But then Horizon whips out her SECOND WMD, the one Neshibara got from Shakespeare, which means breaking a seal and adding avarice to her emotions. We also learn that Toori (still naked) is an outlet that acts as a go-between for Musashi’s ether supply. What that means to us is words of hope and confirmation from our loving couple, along with the warning that Horizon will be more difficult to handle in the future, not that Toori minds. It’s made moot by a Tres Espana vessel blocking the beam (they just won’t give up), but Double Bloody Mary, who’s not supposed to be there I thought, with Tenzo’s help, whips out big glowing sword thing and then it’s finally over. Sorry, Muneshige.

The afterparty.

After that they tie up the loose ends. DBM joins the Musashi and shacks up with Tenzo (C’mon, Tenzo, be a man!), bonfires on both sides. That blond guy shows up alive and well to be with Gin. Curry is served. And the second season of the most confounding, bizarre, head-scratching series I can think of comes to a close. Two WMDs recovered, five to go! And in spite of all the things I’ve said here, I’ll probably watch the next one, because for all the bizarre characters and backstory, this mess of a story was always delivered with high spirits and a sense of adventure. You didn’t always know what was going on (hell, I rarely did), but you could tell that they were having a great time doing it.

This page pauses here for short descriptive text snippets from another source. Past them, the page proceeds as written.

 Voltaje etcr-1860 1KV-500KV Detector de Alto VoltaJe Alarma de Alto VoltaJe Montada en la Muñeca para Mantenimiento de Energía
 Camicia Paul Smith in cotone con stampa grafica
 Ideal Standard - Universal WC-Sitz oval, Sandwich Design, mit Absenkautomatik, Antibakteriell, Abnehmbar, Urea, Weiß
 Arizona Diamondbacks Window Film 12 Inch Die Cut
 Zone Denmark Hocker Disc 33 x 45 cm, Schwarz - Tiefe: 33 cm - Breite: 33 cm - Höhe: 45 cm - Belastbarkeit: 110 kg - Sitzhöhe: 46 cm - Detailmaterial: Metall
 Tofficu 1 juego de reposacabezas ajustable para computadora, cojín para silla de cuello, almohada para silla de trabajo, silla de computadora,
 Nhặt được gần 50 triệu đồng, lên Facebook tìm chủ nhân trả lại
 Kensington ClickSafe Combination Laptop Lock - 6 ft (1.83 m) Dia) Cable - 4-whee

Finally, a three-minute thing called Wooser no Sono Higurashi. I’ve seen many mini-shows like this fall on their faces. Chitose was annoying. Yurumates made me wonder why they bothered. I will say that Wooser has better lines than the either of those. The character Wooser’s cynical, hapless delivery works well with the cutesy voices of the girls.

Horizon 25, Polar Bear 26, SKET-Dance finale

Actually, he delivers a pretty good speech.

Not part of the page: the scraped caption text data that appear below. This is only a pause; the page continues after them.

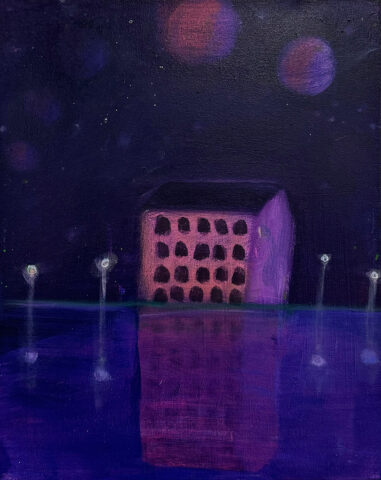 2024 acrylic on canvas 24 x 16 inches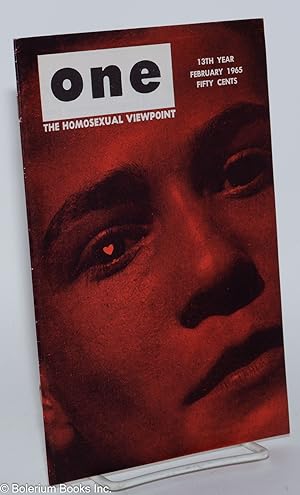 Seller image for ONE Magazine; the homosexual viewpoint; vol. 13, #2, February 1965 for sale by Bolerium Books Inc.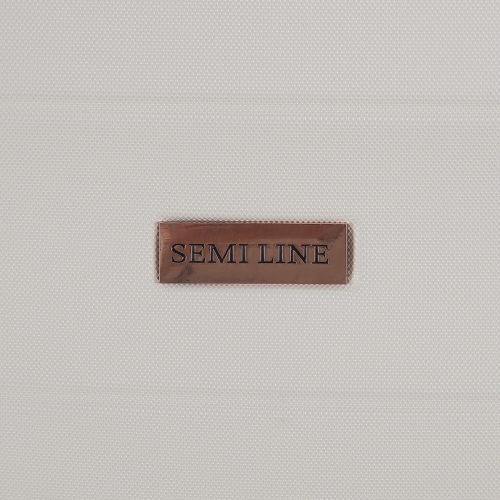 Średnia twarda walizka 24” ABS Semi Line T5786-2 lekka ecru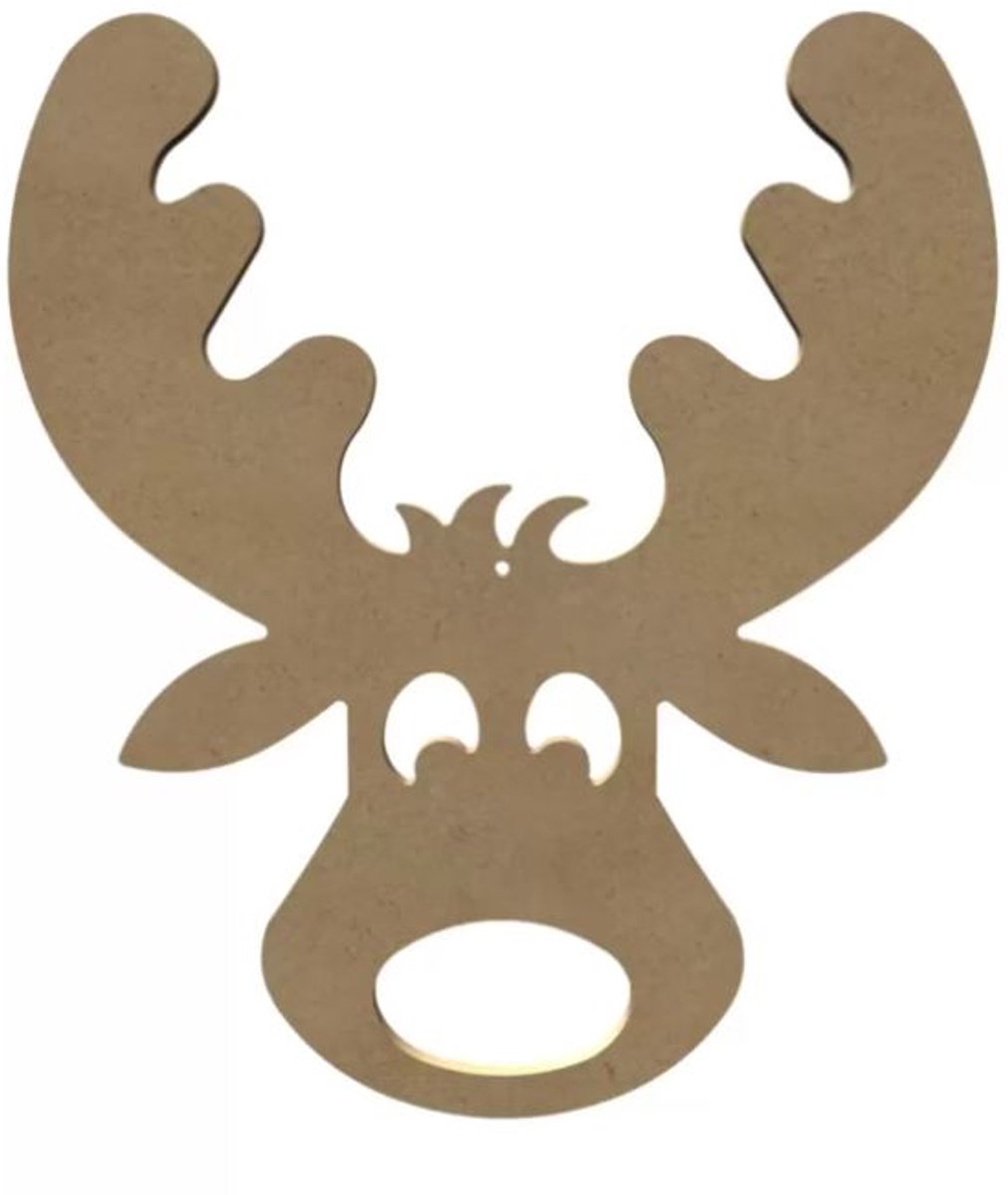 Gomille MDF figuur hert knutseldecoratie 26 cm creatief.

It’s frankly impossible to describe what happens in Kyoukai Senjou no Horizon II 25. It’s almost nothing but battling and more battling. Perhaps the highlight was when the Musashi crew grows despondent and Chancellor Toori, still naked, offers to come over and console them. Be fair, Toori proceeds to give a good rallying speech, and after that the Musashi crew’s rally (in order to avoid Toori) pushes the Tres Espana forces back, but Tres Espana rally as well, and we got a free-for-all! Actually, a lot of the episode had people on both sides fighting bravely for their cause, even if I couldn’t figure out what their causes are all about.

Even Tenji and Nenji get involved in the action. I can’t remember for sure but this is maybe the first time they’ve done anything productive in either season. And the Indian guy. Just about everyone is involved in one battle or another. We spend a lot of time watching Bertoni duke it out with one of Tres Espana’s head guys. Money is thrown and batted away, spells are cast, and the Espana guy gets flung off the deck by his own men before Bertoni’s final blast of cash. There’s a mecha battle between Naomasa and, er, whoever. Look somewhere in the episode and a character is either fighting or about to.

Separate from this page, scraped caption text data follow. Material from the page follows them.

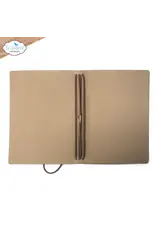 ELIZABETH CRAFT DESIGNS ELIZABETH CRAFT DESIGNS STONEWASHED BROWN PASSPORT SIZE JOURNAL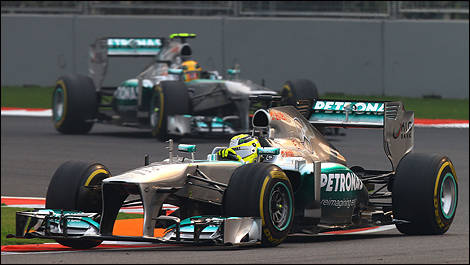F1 Mercedes W04 Nico Rosberg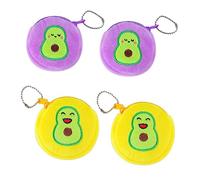 Healvian 4pezzi Porta Monete Donna in Tessuto Piccola Custodia Per Auricolari Borsa Da Viaggio Per Ragazzo Ragazza Per Riporre Monete Chiavi e Contanti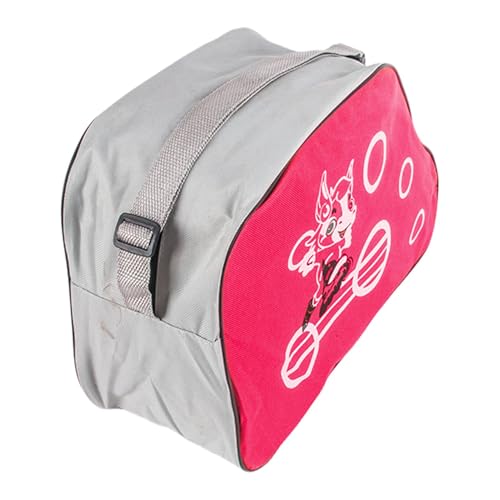 Bolsa de patinaje transpirable, mochila ajustable para patinaje artístico y patinaje en línea para niños y niñas, ideal para accesorios de patinaje sobre ruedas, bolsa de patinaje para patines de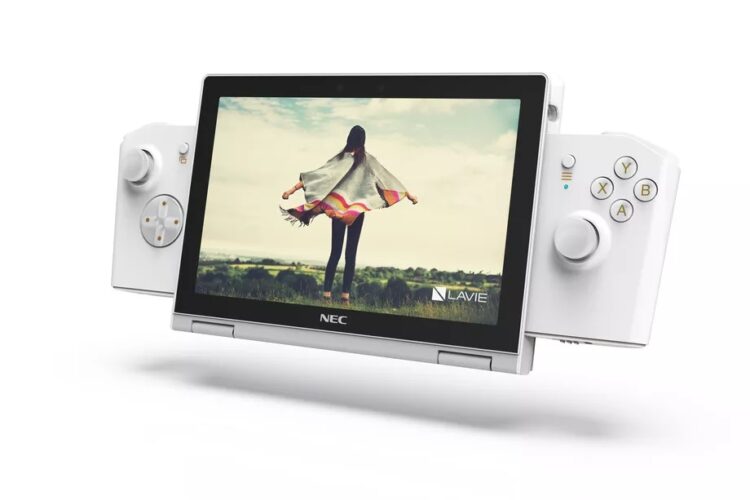 Lenovo LaVie Mini with controllers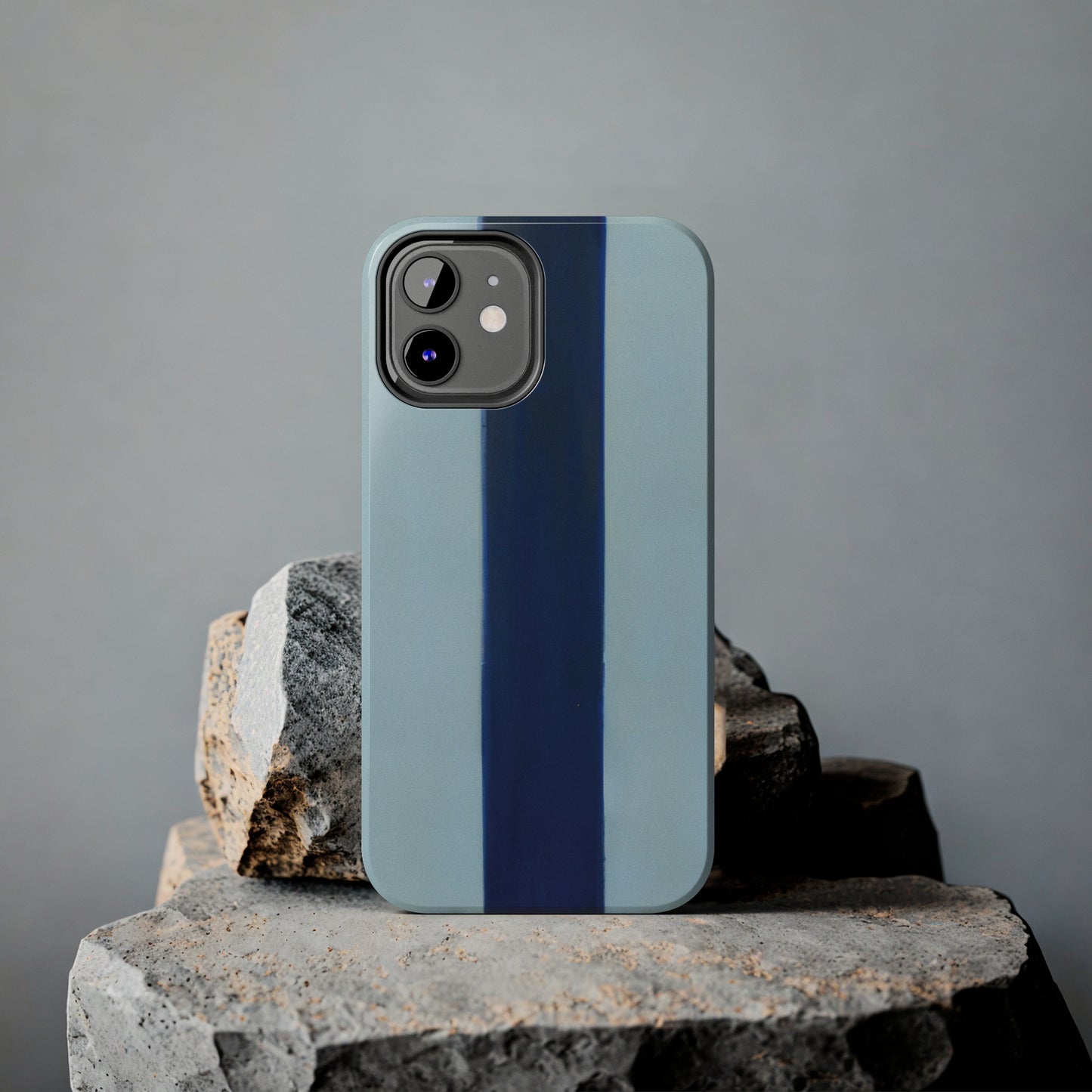 Strong Apple iPhone Case Ft. Minimal Blue Stripe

The most compelling, though I don’t know why, is Tachibana (one of my favorite characters though I couldn’t tell you why) going up against Futayo, sort of a last stand for her, defending her beloved Muneshige’s honor (because Futayo doesn’t know what the word “sex” means), and losing, rather easily, I thought, considering how formidable she’s been in the past. There was something tragic in watching her armaments and weaponry stripped away one by one. On the other hand, it means that this whole war is now closer to completion, and that’s fine with me. This show is fucking exhausting sometimes.

The first half of Polar Bear’s Cafe 26 was a bit chilling. Poor Full-Time Panda’s doing side jobs because he has a third child. Maybe because of that the zoo brings in an enthusiastic Temp Panda and, in the spirit of modern-day corporate scare tactics (“It’s just a competition” they always say) have a contest to determine which of the three pandas is the cutest. The second half is far better when Wolf, Tiger and Lion have a reunion at Grizzly’s bar and talk about their families, jobs, and their ebbing youth. What happened to the good old days when they were wild predators? It’s already good stuff, but it gets even better when beloved long-lost rapper 469MA appears before them, the greatest of the white rappers. Ahem.

Bye guys. It was a good run.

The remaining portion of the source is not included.